Saya dan adik saya pergi ke sebuah lapangan tempat tes praktik, jika tes praktik lulus bisa langsung tes teori didalam kantor. Ada sekitar 30 orang disana yang sama-sama mau tes, kebanyakan laki-laki mulai dari bapak-bapak sampai pemuda, beberapa juga ada ibu-ibu dan pemudi. Matahari sedang terik-teriknya, panas sekali, dan kami mengantre tes. Sebelum tes, bapak polisi mempraktikan tesnya, lihai sekali polisi mengendarai motor matic dan kupling melintasi jalur tes. Ada jalan lurus kecil, tikungan tajam, jalan zig-zag, dan jalan berangka delapan. Jika semua jalan ini dilewati dengan mulus, tanpa menurunkan kaki berarti kita lulus.

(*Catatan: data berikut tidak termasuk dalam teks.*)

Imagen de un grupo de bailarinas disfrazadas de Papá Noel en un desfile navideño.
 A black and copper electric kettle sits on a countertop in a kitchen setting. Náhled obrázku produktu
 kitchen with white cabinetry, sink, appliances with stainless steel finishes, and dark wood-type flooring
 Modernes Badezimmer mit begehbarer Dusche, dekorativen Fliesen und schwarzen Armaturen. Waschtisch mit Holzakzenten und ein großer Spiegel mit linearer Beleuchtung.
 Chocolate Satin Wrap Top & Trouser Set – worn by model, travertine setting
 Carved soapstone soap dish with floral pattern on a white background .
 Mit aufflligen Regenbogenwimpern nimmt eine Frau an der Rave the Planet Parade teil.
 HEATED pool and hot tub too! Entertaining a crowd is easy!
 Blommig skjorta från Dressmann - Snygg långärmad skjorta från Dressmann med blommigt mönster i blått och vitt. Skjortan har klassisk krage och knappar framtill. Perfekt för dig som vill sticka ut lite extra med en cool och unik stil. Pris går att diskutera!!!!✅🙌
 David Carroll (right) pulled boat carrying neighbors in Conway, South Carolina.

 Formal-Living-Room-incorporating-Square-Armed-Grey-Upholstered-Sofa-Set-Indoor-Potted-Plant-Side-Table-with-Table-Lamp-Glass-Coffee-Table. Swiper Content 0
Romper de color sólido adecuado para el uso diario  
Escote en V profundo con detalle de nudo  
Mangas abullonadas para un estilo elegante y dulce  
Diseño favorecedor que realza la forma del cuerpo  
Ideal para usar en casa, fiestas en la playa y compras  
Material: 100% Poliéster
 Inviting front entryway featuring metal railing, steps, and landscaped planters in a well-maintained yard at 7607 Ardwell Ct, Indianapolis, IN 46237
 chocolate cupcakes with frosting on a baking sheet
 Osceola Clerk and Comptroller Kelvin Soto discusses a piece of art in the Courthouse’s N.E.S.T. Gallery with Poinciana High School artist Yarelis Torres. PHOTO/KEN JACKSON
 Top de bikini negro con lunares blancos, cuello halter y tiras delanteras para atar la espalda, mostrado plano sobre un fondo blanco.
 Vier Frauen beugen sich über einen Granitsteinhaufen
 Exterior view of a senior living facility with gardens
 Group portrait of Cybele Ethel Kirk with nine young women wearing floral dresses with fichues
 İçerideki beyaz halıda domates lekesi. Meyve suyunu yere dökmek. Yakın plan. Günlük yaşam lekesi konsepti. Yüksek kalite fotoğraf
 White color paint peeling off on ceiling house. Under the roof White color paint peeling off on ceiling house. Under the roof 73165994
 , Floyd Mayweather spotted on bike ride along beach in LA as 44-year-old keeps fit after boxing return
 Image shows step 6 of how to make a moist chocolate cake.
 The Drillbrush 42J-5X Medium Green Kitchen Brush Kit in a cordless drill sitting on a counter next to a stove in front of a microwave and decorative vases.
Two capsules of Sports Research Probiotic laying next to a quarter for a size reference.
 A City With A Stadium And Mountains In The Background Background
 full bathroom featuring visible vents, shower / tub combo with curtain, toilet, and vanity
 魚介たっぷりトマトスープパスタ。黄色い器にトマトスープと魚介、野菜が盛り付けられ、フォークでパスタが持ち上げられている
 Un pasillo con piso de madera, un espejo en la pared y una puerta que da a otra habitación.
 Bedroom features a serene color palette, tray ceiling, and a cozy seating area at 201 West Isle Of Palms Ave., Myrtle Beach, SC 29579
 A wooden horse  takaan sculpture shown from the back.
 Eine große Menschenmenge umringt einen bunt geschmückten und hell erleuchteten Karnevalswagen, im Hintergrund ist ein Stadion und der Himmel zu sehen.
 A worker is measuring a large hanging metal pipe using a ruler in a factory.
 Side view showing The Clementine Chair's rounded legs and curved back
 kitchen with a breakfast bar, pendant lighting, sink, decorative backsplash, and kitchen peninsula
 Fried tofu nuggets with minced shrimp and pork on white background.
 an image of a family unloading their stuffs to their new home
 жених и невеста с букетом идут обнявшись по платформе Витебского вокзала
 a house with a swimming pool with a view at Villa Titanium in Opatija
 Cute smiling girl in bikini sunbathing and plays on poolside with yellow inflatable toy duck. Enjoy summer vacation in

Motor yang digunakan harus motor polisi tidak boleh motor sendiri. Satu per satu peserta memulai tes, laki-laki harus pakai kupling dan perempuan boleh pakai matic. Satu per satu peserta juga gagal, kebanyakan gagal karena kakinya turun saat berbelok, mungkin reflex dari pada jatuh ya kaki turun saja, ada juga yang gagal karena mesin motor mati, ini terjadi karena tidak terbiasa menggunakan kupling. Saya agak heran sebenarnya, pak polisi bilang tidak boleh pakai kupling saat berbelok, mana bisa berbelok tidak memegang kupling pasti matilah mesinnya. Hampir semua peserta sudah melakasankan tes dan semua berakhir dengan suara peluit polisi tanda kegagalan. Saya dan adik saya semakin deg-deg-an saya terus komat kamit berdo’a, resah dan gelisah sekali, saya berdo’a Ya Allah mau SIM tapi murni ya Allah tolonglah. Adik saya sama ketakutannya, tapi dia punya ide bagus. Dia bilang di papan pengumuman itu tertulis boleh latihan mengendarai motornya dulu. Adik saya memaksa saya ayo kita bilang minta izin pada pak polisi. Saya takut sekali tidak berani bilang, adik saya nekad meminta izin dan ternyata bisa. Wah saya kagum dengan keberanian adik saya.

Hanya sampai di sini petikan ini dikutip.